この説によれば、主権者の「国民」の意思は抽象的にしか存在しえず、これは自由委任(有権者の代表になったあとは自由に政治活動ができる)に基づく代表者による討論の中で再現されます。
この点において、ナシオン主権は代表民主制、制限選挙制と密接に結びつきます。
制限選挙制と結びつくのは、抽象的な国民の意思を再現すべき自由委任に基づく代表者の選出には、一定の能力が必要とされると考えられるからです。
歴史の不勉強な国民が代表を選んでしまうと過去の国民の意見を反映できないということです。

これに対し、プープル主権とは、「国民」を「現に存在する人の集団(能動的市民からなる有権者団)」と考える説です。
この説によれば、主権者たる「国民」の意思は、現に存在する人々の具体的な意思であり、直接民主制あるいは命令委任(選挙で選ばれた代表は自らの意志を持たず、選挙区の有権者の意思に基づいてのみ言動する)に基づく代表者によって具体的に表されます。
この点において、プープル主権は直接民主制、普通選挙制と密接に結びつきます。普通選挙制と結びつくのは、全国民から漏れなく意思を吸い上げることで、具体的な国民の意思が表れると考えられるからです。
ナシオン主権を体現したのがフランス1791年憲法であり、プープル主権を体現したのがフランス1793年憲法であるといわれています。

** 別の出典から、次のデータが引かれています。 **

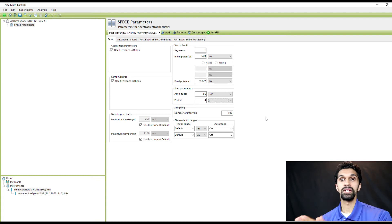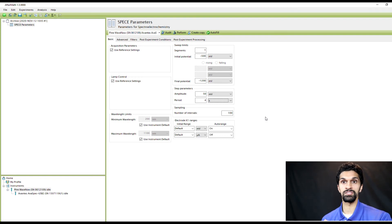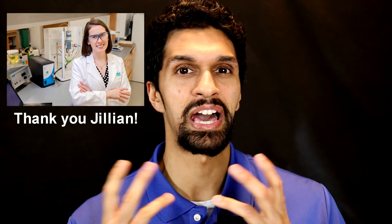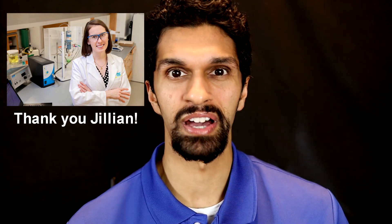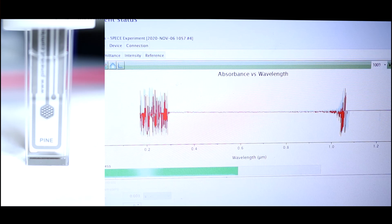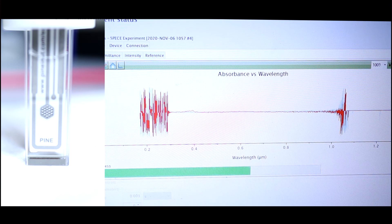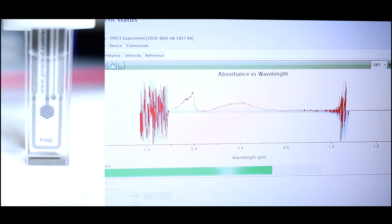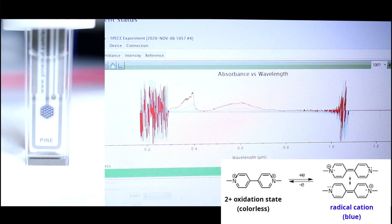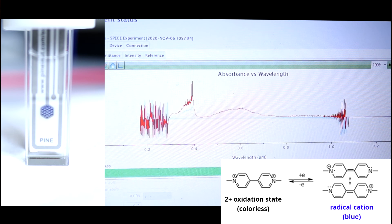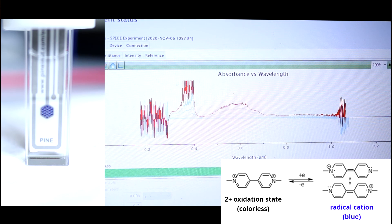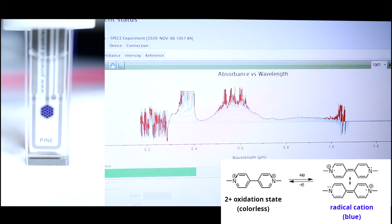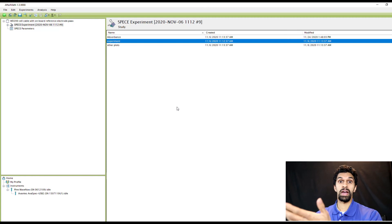I actually performed these methyl viologen experiments at the University of North Carolina at Chapel Hill in the Dempsey lab. Thank you Jillian for allowing me to use your lab as well as your methyl viologen. What I'm showing you now is side-by-side footage of the spectroelectrochemistry experiment in Aftermath as well as physically what's happening in the honeycomb electrode. As we start to reduce methyl viologen from the dication which is colorless to the radical cation which is blue, we physically see a blue-purplish color form in the honeycomb electrode and we start to see in the UV-Vis absorption this absorbance in the UV and the red which is giving it its blue color.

オーディンに関しては、主将選挙の際はチーム全員が選挙し、その結果を参考に監督、前年度の幹部が決定するという方式を採用しています。
これはナシオン主権的といえます。
しかし、これはその年のチームの意識や来年度の方針によって変更していて、しかもこの決定権を誰が行使するのかということも非常に曖昧になっており、今後の整備が必要な部分です。
ではナシオン主権とプープル主権のどちらがオーディンに適しているかと言うと、まずフットボールはほとんどの選手が初心者である点、また活動においてOBの力を含めて成果を上げていこうという方針を持つ点、この2つの点から判断すると、ナシオン主権の哲学で選挙を行っていく方が、より「オーディンの意見」を反映した選挙が行なえると考えられます。
しかしながら、それでは新入生のチームに対する帰属意識も育ちませんし、大学の建学の精神「人間愛=〜人間性の絶対的尊厳と、その無限の発展性とを確信し、すべての人間を信じ、尊重し〜」にもそぐわないです。

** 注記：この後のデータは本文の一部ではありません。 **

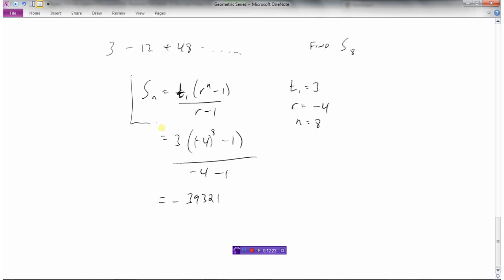Just to summarize: this is the formula we need to know. S of n equals t1 — the first term — times the ratio to the power of n, minus 1, divided by the ratio minus 1.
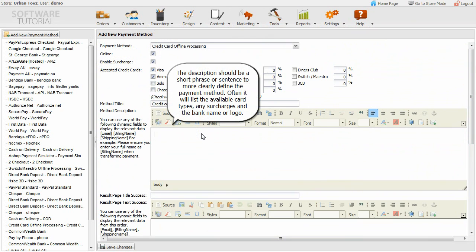The description should be a short phrase or sentence to more clearly define the payment method. Often it will list the available card types, any surcharges and the bank name or logo.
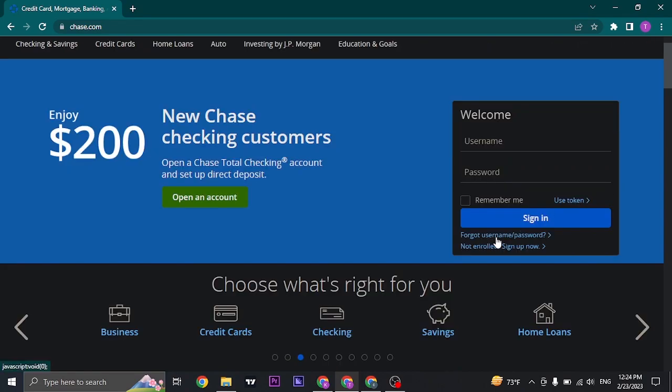If you don't remember your password or your username, you can click on this option and follow the steps to recover it.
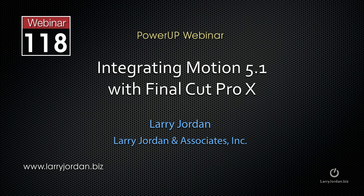Hi, this is Larry Jordan. The following is an excerpt of a Power Up webinar looking at integrating Motion 5.1 with Final Cut Pro X. In this excerpt, I'll show you how to take an existing Motion project and convert it so you can play it inside Final Cut Pro X.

そこで結論としては「理想的にはプープル主権で選挙を行ないたいけれど、現実的には下級生は歴史認識、競技認識も含めてチームの意志を体現出きるほどには成長してないから、仕方なくナシオン主権を採用する」というのが適切であると考えられます。
従ってチームとしては、いつかはプープル主権に移行できることを夢に見ながら、後輩は先輩からチームの歴史を学び、下級生もチームの意志を体現できるように努力するということが求められるということです。

今の自分の意見が果たしてオーディンの流れに根差したチームの意志を反映したものなのか、それともただ単に自分の思いつきや価値観・好みでの意見なのか。
チームの運営には各々がそうしたことを自問自答することが求められます。

※ご意見、ご感想はこちら
odin_jimukyoku@yahoo.co.jp


■松本主将プレゼンツ:今週の主将賞

主将賞:飯塚久史

今週までストレングスリーダー歌田が教育実習のためグランドに来ることができませんでした。
その間のストレングスを仕切っていたのが久史です。

久史は元々口下手で愚直な男です。今までも何か言うよりもグランドで一番元気を出し行動で示していく、というスタンスでやっていました。

ですが、最近ではトレーニングに様々な部員を巻き込んだり、プロテインやストレッチの習慣化を呼び掛けるなど、色々なことを周りに発しています。部員がつけているトレーニング記録ノートにも色々なコメントをつけ、さらに習慣化させようとしています。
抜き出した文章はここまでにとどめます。